Work task:
Print all of the data below exactly as it appears, leaving out every image.

Dataset excerpt:
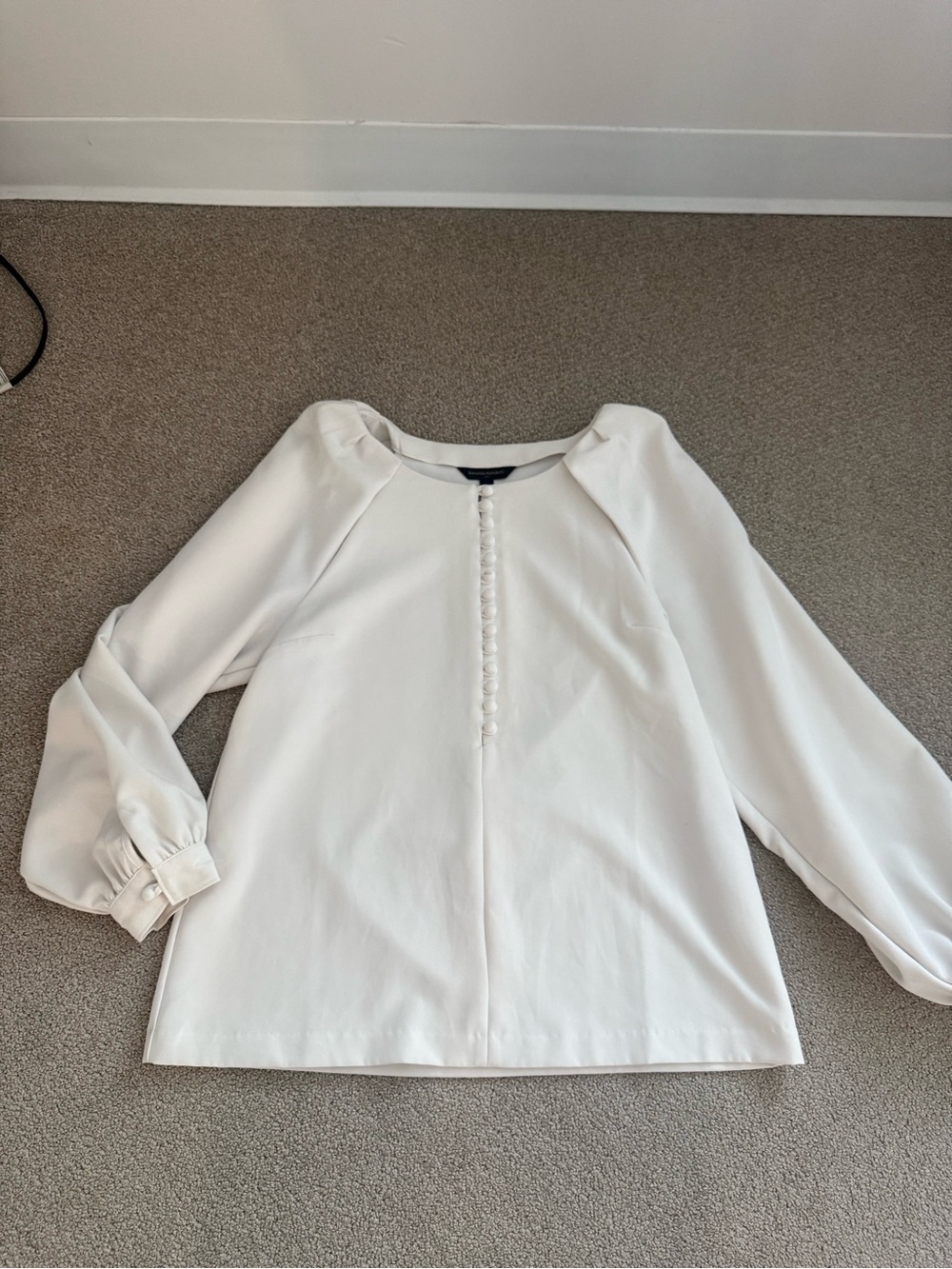 Banana Republic Ivory Button-Front Long-Sleeve Blouse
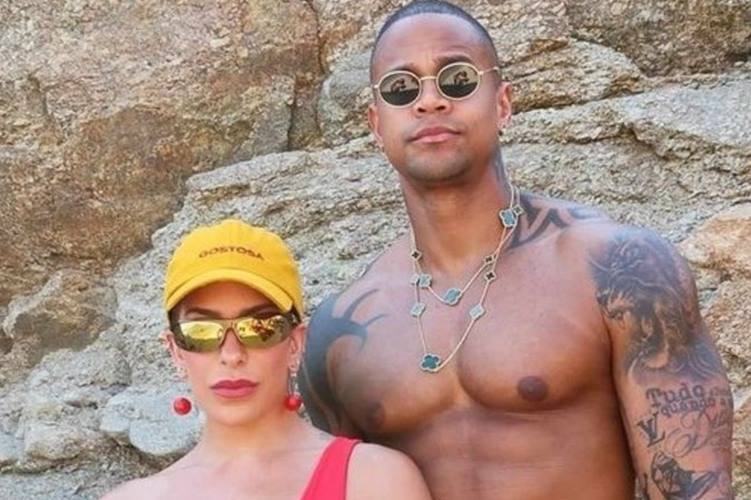 Lore Improta e Léo Santana impressionam com curvas musculosas na Grécia: ‘Deuses’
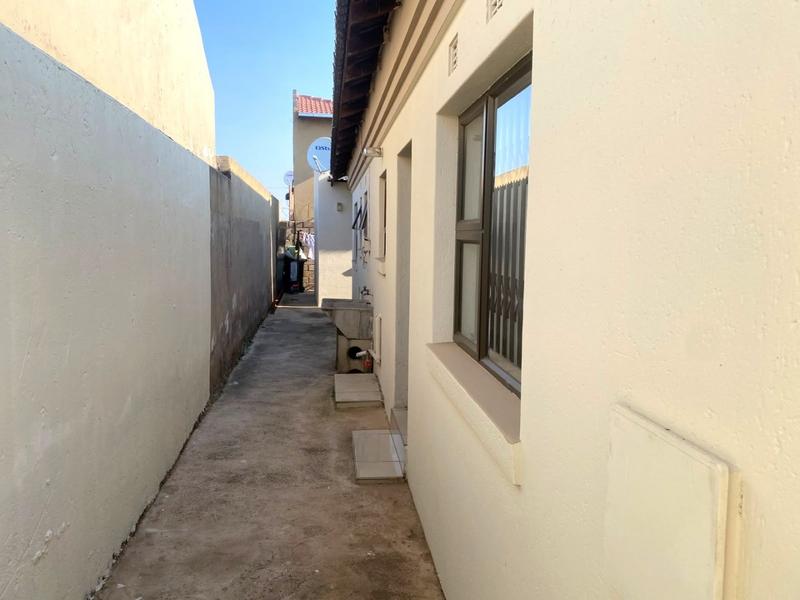 3 Bedroom Property for Sale in Meadowlands Gauteng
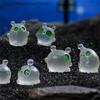 5 Pezzi/Sacchetto Bambola Mini Alieno Carina Luminosa Resina Ornamento per Auto Figure Micro Paesaggio Accessori Decorazione per la Casa Giocattolo Luminoso Regalo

Your solution:
 Banana Republic Ivory Button-Front Long-Sleeve Blouse
 Lore Improta e Léo Santana impressionam com curvas musculosas na Grécia: ‘Deuses’
 3 Bedroom Property for Sale in Meadowlands Gauteng
 5 Pezzi/Sacchetto Bambola Mini Alieno Carina Luminosa Resina Ornamento per Auto Figure Micro Paesaggio Accessori Decorazione per la Casa Giocattolo Luminoso Regalo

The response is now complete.